§ Problem to solve
Output the listing exactly, without its pictures.
━━━━━ Dataset content ━━━━━
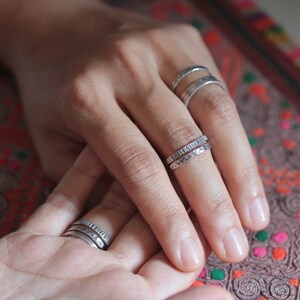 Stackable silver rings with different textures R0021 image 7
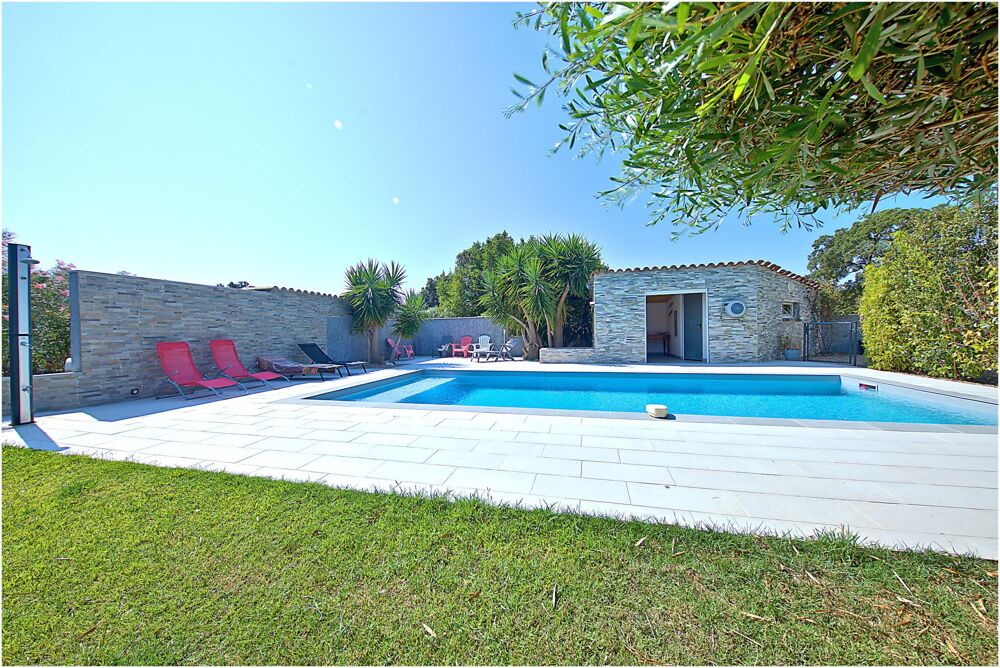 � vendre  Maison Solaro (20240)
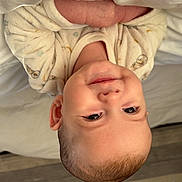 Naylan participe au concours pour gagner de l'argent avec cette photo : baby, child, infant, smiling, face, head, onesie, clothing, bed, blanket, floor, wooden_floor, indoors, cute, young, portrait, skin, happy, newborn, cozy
━━━━━
§ Result of the task
 Stackable silver rings with different textures R0021 image 7
 � vendre  Maison Solaro (20240)
 Naylan participe au concours pour gagner de l'argent avec cette photo : baby, child, infant, smiling, face, head, onesie, clothing, bed, blanket, floor, wooden_floor, indoors, cute, young, portrait, skin, happy, newborn, cozy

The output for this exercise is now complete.